(GIVEN DATA Opens)
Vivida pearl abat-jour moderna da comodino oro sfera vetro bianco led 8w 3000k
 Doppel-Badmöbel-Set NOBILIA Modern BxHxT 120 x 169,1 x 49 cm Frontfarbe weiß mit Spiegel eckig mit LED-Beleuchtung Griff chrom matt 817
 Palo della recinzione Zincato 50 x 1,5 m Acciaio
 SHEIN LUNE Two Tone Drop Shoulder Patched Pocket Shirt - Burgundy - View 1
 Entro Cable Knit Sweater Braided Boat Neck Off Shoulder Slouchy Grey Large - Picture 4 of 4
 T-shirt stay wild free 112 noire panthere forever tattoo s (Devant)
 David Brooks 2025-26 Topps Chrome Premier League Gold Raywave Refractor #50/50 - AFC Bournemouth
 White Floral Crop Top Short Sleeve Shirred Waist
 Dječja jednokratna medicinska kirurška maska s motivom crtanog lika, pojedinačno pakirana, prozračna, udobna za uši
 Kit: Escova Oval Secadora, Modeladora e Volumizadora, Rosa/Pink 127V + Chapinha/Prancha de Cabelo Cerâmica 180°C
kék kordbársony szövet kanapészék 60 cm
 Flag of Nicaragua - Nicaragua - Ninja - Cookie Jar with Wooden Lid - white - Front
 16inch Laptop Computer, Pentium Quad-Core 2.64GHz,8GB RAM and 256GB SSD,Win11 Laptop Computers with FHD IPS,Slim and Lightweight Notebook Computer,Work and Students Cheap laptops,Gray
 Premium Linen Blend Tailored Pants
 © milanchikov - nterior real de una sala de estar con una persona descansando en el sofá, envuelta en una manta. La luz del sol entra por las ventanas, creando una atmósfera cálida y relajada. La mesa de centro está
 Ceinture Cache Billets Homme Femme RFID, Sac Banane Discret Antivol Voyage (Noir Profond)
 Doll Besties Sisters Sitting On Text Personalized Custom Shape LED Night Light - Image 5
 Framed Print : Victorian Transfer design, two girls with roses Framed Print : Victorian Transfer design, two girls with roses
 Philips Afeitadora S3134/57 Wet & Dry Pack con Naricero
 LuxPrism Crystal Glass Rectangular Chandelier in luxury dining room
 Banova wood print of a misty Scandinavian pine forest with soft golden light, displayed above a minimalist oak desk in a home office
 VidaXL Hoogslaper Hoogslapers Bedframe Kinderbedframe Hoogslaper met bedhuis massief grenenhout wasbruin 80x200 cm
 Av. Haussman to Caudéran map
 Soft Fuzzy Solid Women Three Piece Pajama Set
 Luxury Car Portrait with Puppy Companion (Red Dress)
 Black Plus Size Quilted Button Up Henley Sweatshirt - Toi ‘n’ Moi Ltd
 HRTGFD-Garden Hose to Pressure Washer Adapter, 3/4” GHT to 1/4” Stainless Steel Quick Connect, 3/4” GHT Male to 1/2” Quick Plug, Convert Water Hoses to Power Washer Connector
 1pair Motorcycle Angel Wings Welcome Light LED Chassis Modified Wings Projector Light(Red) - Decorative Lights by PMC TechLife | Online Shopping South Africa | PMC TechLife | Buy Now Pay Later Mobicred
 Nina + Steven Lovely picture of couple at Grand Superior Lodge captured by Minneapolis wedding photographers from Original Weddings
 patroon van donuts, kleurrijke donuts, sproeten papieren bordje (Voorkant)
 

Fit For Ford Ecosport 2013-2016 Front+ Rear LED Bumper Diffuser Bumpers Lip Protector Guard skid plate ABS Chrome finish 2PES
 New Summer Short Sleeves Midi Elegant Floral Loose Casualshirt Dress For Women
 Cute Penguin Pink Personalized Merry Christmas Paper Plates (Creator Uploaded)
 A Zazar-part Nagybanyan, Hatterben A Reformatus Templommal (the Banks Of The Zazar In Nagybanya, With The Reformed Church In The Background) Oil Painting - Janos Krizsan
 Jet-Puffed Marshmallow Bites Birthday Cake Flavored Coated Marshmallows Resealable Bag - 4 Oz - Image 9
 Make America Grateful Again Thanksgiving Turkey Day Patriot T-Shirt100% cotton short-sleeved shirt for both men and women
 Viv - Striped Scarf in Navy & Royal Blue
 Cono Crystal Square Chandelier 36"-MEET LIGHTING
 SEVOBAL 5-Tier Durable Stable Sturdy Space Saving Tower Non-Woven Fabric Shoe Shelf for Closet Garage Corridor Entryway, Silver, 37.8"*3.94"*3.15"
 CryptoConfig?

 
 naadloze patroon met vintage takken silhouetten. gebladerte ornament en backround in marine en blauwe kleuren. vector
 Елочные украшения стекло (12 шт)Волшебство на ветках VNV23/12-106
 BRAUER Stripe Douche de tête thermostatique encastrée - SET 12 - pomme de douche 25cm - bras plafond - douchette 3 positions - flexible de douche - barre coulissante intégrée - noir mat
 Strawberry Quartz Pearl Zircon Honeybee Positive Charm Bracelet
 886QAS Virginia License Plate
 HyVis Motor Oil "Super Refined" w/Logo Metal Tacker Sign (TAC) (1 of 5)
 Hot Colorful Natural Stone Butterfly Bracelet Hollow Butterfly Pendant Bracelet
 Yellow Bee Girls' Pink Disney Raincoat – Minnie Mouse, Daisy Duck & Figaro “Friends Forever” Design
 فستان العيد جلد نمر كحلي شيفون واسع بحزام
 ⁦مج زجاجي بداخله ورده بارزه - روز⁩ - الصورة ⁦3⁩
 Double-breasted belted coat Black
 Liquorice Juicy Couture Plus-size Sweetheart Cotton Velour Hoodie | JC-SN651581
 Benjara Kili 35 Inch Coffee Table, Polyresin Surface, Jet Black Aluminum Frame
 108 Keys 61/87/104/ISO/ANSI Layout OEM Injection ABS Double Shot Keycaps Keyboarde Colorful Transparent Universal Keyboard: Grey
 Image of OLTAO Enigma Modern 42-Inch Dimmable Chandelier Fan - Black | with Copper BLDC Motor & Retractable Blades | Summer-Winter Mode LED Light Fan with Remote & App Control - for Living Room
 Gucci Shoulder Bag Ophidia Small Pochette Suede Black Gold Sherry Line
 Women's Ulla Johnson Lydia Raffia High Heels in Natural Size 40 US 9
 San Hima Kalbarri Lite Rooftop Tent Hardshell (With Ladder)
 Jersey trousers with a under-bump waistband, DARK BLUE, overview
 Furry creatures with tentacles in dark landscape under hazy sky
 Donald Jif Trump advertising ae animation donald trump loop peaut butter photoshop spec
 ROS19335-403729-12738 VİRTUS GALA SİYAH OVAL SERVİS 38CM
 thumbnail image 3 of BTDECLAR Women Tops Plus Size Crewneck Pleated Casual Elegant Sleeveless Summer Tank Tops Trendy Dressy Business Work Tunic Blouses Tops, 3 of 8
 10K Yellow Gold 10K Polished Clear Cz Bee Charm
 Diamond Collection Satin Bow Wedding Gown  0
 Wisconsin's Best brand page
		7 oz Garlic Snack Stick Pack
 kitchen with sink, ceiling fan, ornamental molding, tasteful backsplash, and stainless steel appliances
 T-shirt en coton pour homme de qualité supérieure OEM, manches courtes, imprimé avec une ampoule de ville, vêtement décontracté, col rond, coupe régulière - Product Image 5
(GIVEN DATA Closes)
(PROBLEM): Character for character, output the whole material above.

(SOLUTION FOR THIS PROBLEM):
Vivida pearl abat-jour moderna da comodino oro sfera vetro bianco led 8w 3000k
 Doppel-Badmöbel-Set NOBILIA Modern BxHxT 120 x 169,1 x 49 cm Frontfarbe weiß mit Spiegel eckig mit LED-Beleuchtung Griff chrom matt 817
 Palo della recinzione Zincato 50 x 1,5 m Acciaio
 SHEIN LUNE Two Tone Drop Shoulder Patched Pocket Shirt - Burgundy - View 1
 Entro Cable Knit Sweater Braided Boat Neck Off Shoulder Slouchy Grey Large - Picture 4 of 4
 T-shirt stay wild free 112 noire panthere forever tattoo s (Devant)
 David Brooks 2025-26 Topps Chrome Premier League Gold Raywave Refractor #50/50 - AFC Bournemouth
 White Floral Crop Top Short Sleeve Shirred Waist
 Dječja jednokratna medicinska kirurška maska s motivom crtanog lika, pojedinačno pakirana, prozračna, udobna za uši
 Kit: Escova Oval Secadora, Modeladora e Volumizadora, Rosa/Pink 127V + Chapinha/Prancha de Cabelo Cerâmica 180°C
kék kordbársony szövet kanapészék 60 cm
 Flag of Nicaragua - Nicaragua - Ninja - Cookie Jar with Wooden Lid - white - Front
 16inch Laptop Computer, Pentium Quad-Core 2.64GHz,8GB RAM and 256GB SSD,Win11 Laptop Computers with FHD IPS,Slim and Lightweight Notebook Computer,Work and Students Cheap laptops,Gray
 Premium Linen Blend Tailored Pants
 © milanchikov - nterior real de una sala de estar con una persona descansando en el sofá, envuelta en una manta. La luz del sol entra por las ventanas, creando una atmósfera cálida y relajada. La mesa de centro está
 Ceinture Cache Billets Homme Femme RFID, Sac Banane Discret Antivol Voyage (Noir Profond)
 Doll Besties Sisters Sitting On Text Personalized Custom Shape LED Night Light - Image 5
 Framed Print : Victorian Transfer design, two girls with roses Framed Print : Victorian Transfer design, two girls with roses
 Philips Afeitadora S3134/57 Wet & Dry Pack con Naricero
 LuxPrism Crystal Glass Rectangular Chandelier in luxury dining room
 Banova wood print of a misty Scandinavian pine forest with soft golden light, displayed above a minimalist oak desk in a home office
 VidaXL Hoogslaper Hoogslapers Bedframe Kinderbedframe Hoogslaper met bedhuis massief grenenhout wasbruin 80x200 cm
 Av. Haussman to Caudéran map
 Soft Fuzzy Solid Women Three Piece Pajama Set
 Luxury Car Portrait with Puppy Companion (Red Dress)
 Black Plus Size Quilted Button Up Henley Sweatshirt - Toi ‘n’ Moi Ltd
 HRTGFD-Garden Hose to Pressure Washer Adapter, 3/4” GHT to 1/4” Stainless Steel Quick Connect, 3/4” GHT Male to 1/2” Quick Plug, Convert Water Hoses to Power Washer Connector
 1pair Motorcycle Angel Wings Welcome Light LED Chassis Modified Wings Projector Light(Red) - Decorative Lights by PMC TechLife | Online Shopping South Africa | PMC TechLife | Buy Now Pay Later Mobicred
 Nina + Steven Lovely picture of couple at Grand Superior Lodge captured by Minneapolis wedding photographers from Original Weddings
 patroon van donuts, kleurrijke donuts, sproeten papieren bordje (Voorkant)
 

Fit For Ford Ecosport 2013-2016 Front+ Rear LED Bumper Diffuser Bumpers Lip Protector Guard skid plate ABS Chrome finish 2PES
 New Summer Short Sleeves Midi Elegant Floral Loose Casualshirt Dress For Women
 Cute Penguin Pink Personalized Merry Christmas Paper Plates (Creator Uploaded)
 A Zazar-part Nagybanyan, Hatterben A Reformatus Templommal (the Banks Of The Zazar In Nagybanya, With The Reformed Church In The Background) Oil Painting - Janos Krizsan
 Jet-Puffed Marshmallow Bites Birthday Cake Flavored Coated Marshmallows Resealable Bag - 4 Oz - Image 9
 Make America Grateful Again Thanksgiving Turkey Day Patriot T-Shirt100% cotton short-sleeved shirt for both men and women
 Viv - Striped Scarf in Navy & Royal Blue
 Cono Crystal Square Chandelier 36"-MEET LIGHTING
 SEVOBAL 5-Tier Durable Stable Sturdy Space Saving Tower Non-Woven Fabric Shoe Shelf for Closet Garage Corridor Entryway, Silver, 37.8"*3.94"*3.15"
 CryptoConfig?

 
 naadloze patroon met vintage takken silhouetten. gebladerte ornament en backround in marine en blauwe kleuren. vector
 Елочные украшения стекло (12 шт)Волшебство на ветках VNV23/12-106
 BRAUER Stripe Douche de tête thermostatique encastrée - SET 12 - pomme de douche 25cm - bras plafond - douchette 3 positions - flexible de douche - barre coulissante intégrée - noir mat
 Strawberry Quartz Pearl Zircon Honeybee Positive Charm Bracelet
 886QAS Virginia License Plate
 HyVis Motor Oil "Super Refined" w/Logo Metal Tacker Sign (TAC) (1 of 5)
 Hot Colorful Natural Stone Butterfly Bracelet Hollow Butterfly Pendant Bracelet
 Yellow Bee Girls' Pink Disney Raincoat – Minnie Mouse, Daisy Duck & Figaro “Friends Forever” Design
 فستان العيد جلد نمر كحلي شيفون واسع بحزام
 ⁦مج زجاجي بداخله ورده بارزه - روز⁩ - الصورة ⁦3⁩
 Double-breasted belted coat Black
 Liquorice Juicy Couture Plus-size Sweetheart Cotton Velour Hoodie | JC-SN651581
 Benjara Kili 35 Inch Coffee Table, Polyresin Surface, Jet Black Aluminum Frame
 108 Keys 61/87/104/ISO/ANSI Layout OEM Injection ABS Double Shot Keycaps Keyboarde Colorful Transparent Universal Keyboard: Grey
 Image of OLTAO Enigma Modern 42-Inch Dimmable Chandelier Fan - Black | with Copper BLDC Motor & Retractable Blades | Summer-Winter Mode LED Light Fan with Remote & App Control - for Living Room
 Gucci Shoulder Bag Ophidia Small Pochette Suede Black Gold Sherry Line
 Women's Ulla Johnson Lydia Raffia High Heels in Natural Size 40 US 9
 San Hima Kalbarri Lite Rooftop Tent Hardshell (With Ladder)
 Jersey trousers with a under-bump waistband, DARK BLUE, overview
 Furry creatures with tentacles in dark landscape under hazy sky
 Donald Jif Trump advertising ae animation donald trump loop peaut butter photoshop spec
 ROS19335-403729-12738 VİRTUS GALA SİYAH OVAL SERVİS 38CM
 thumbnail image 3 of BTDECLAR Women Tops Plus Size Crewneck Pleated Casual Elegant Sleeveless Summer Tank Tops Trendy Dressy Business Work Tunic Blouses Tops, 3 of 8
 10K Yellow Gold 10K Polished Clear Cz Bee Charm
 Diamond Collection Satin Bow Wedding Gown  0
 Wisconsin's Best brand page
		7 oz Garlic Snack Stick Pack
 kitchen with sink, ceiling fan, ornamental molding, tasteful backsplash, and stainless steel appliances
 T-shirt en coton pour homme de qualité supérieure OEM, manches courtes, imprimé avec une ampoule de ville, vêtement décontracté, col rond, coupe régulière - Product Image 5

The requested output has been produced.